- EXERCISE
Would you repeat the listing below verbatim and drop the images?

- SUPPLIED MATERIAL
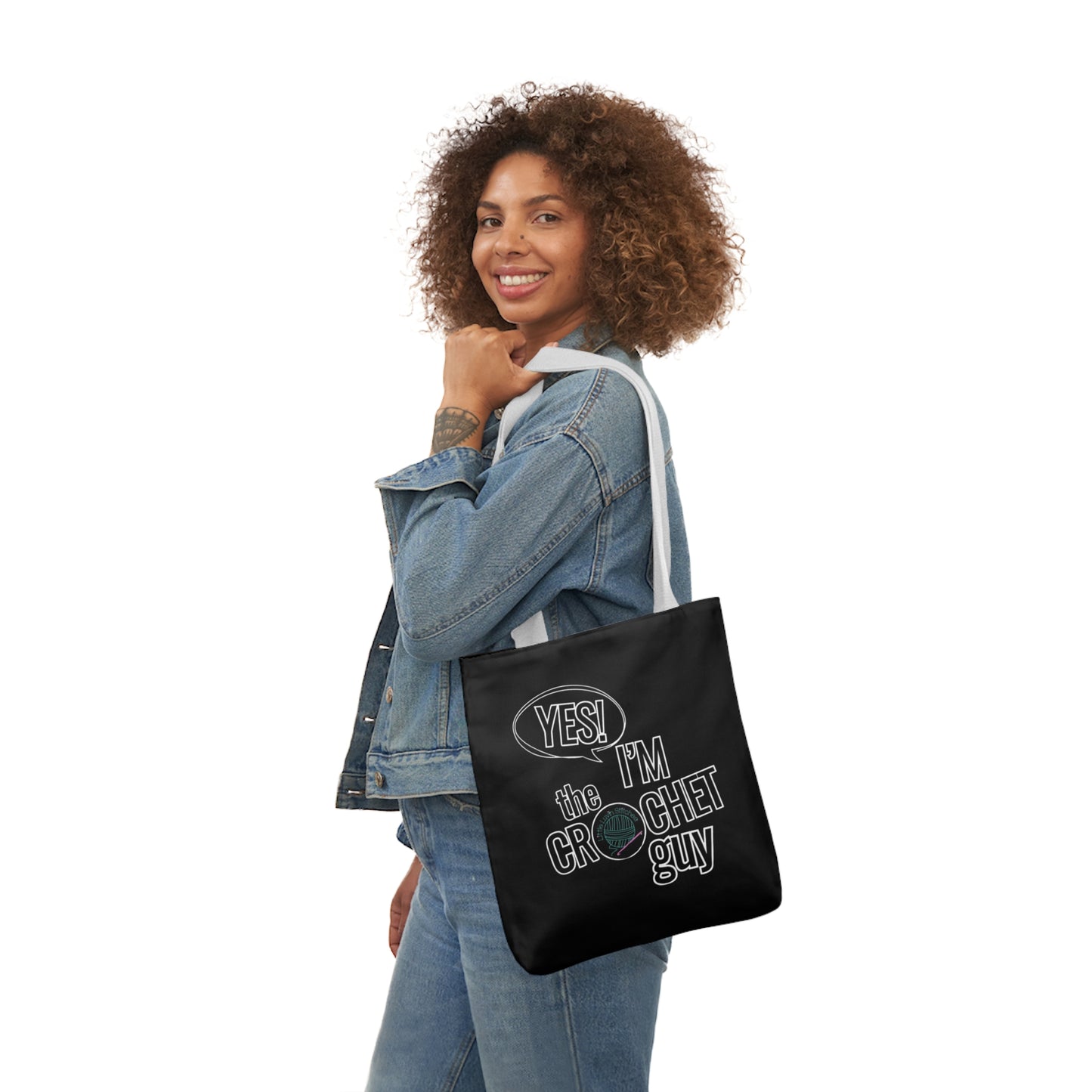 Yes, I'm The Crochet Guy, Canvas Tote Bag, 5-Color Straps, 3 sizes, 3 Background Colors
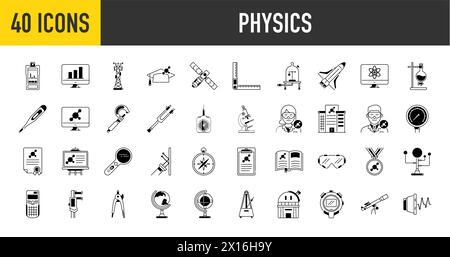 Set of physics icons. Thin style icons Pack. Vector Illustration Stock Vector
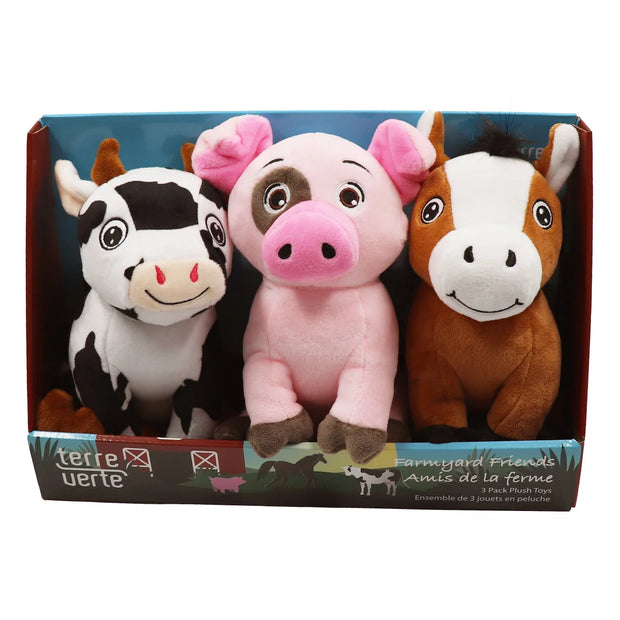 Farmyard Friends Plush Dog Toys, 3-count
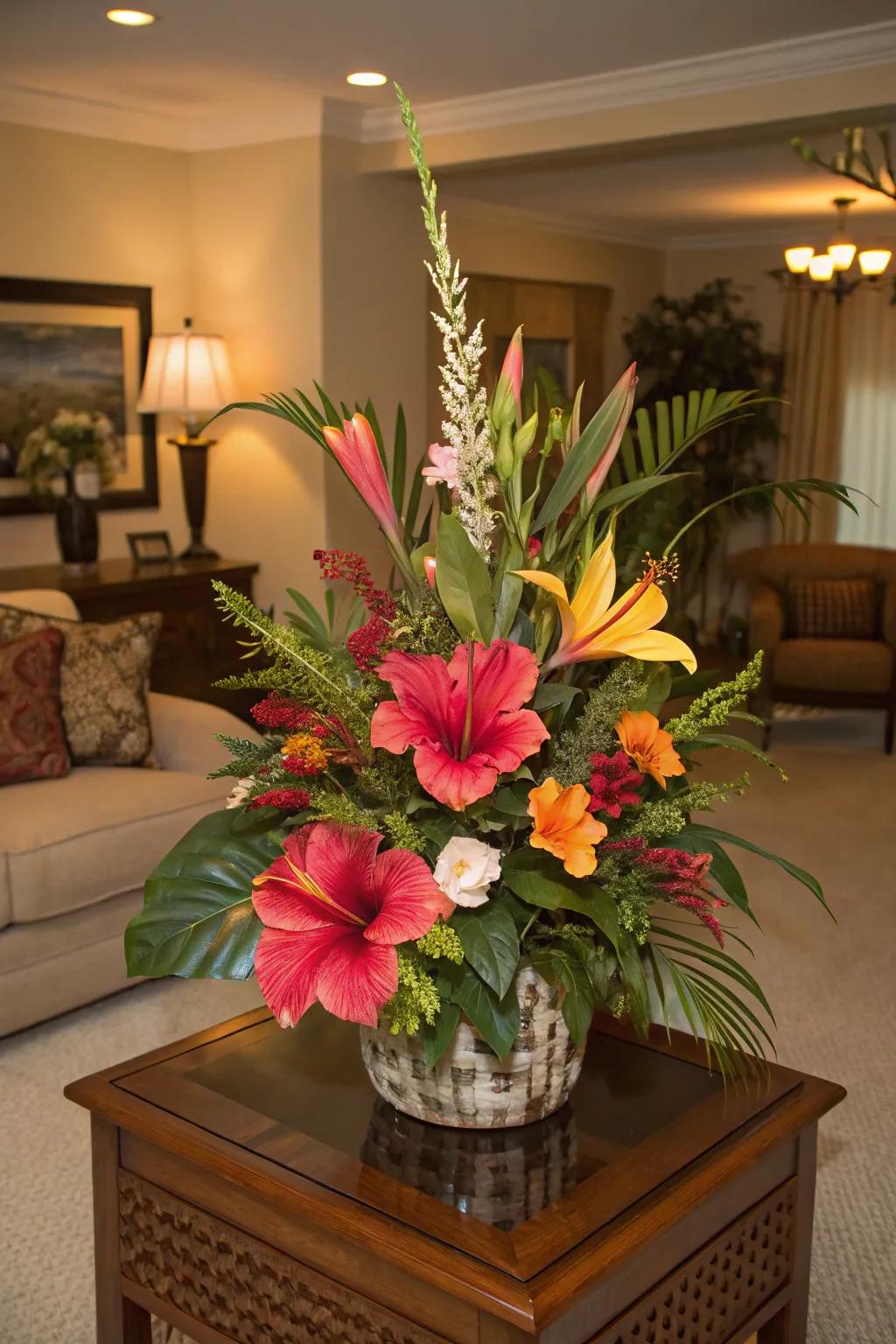 Brilliant blossoms bring a tropical appeal to any type of room.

- SOLUTION FOR THIS PROBLEM
 Yes, I'm The Crochet Guy, Canvas Tote Bag, 5-Color Straps, 3 sizes, 3 Background Colors
 Set of physics icons. Thin style icons Pack. Vector Illustration Stock Vector
 Farmyard Friends Plush Dog Toys, 3-count
 Brilliant blossoms bring a tropical appeal to any type of room.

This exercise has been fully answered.